Speaker
Description
Single chain nanoparticles are soft nano-objects made from individual polymer chains crosslinked intramolecularly. Due to the internal random crosslinking between functional groups of the same chain, a sparse conformation is usually achieved which displays many common structural features with intrinsically disordered proteins (IDPs). Lately, there has been great interest in expanding SCNPs to biodegradable and biocompatible polymers, such as proteins.

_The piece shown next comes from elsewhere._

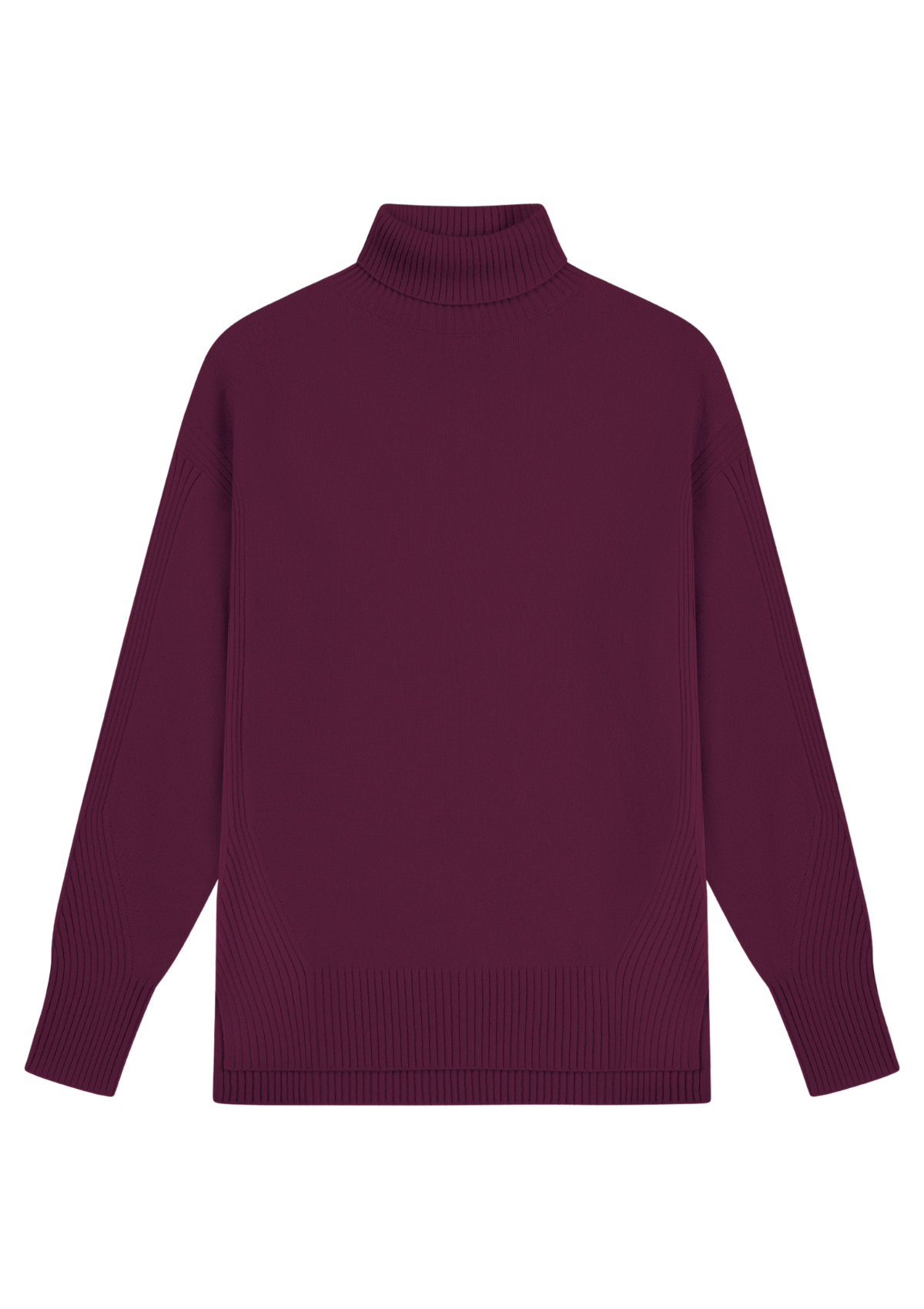 Chevron Detail Relaxed Polo Neck Sweater in Barolo Red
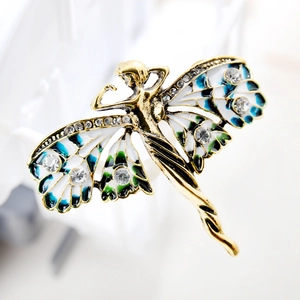 Broche fée libellule vintage en alliage doré avec ailes émaillées et strass brillants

We synthesized two types of SCNPs: poly- L- lysine- and bovine serum albumin (BSA) using disuccinimide ester linkers that mainly react with lysine moieties. To understand the role of the chain conformation of the precursor on the resulting SCNP morphology, we have systematically varied the solvent conditions: pH, salt and for the case of BSA-SCNPs, the denaturant concentrations, as well as the cross-linker concentration. By studying the resulting SCNPs with dynamic and static light scattering as well as small angle neutron scattering, we found that indeed the precursor conformation has a strong effect on the SCNP morphology. For BSA-SCNPs, more extended precursor conformations are able to collapse more by intramolecular cross-linking. Also, the longer cross-linker is more effective in chain compaction due to its ability to form larger intramolecular loops. Similarly, for the cationic PLL, pH and salt variation affect the chain conformation. However, the crosslinking results in aggregation due to the stiffness of the precursor.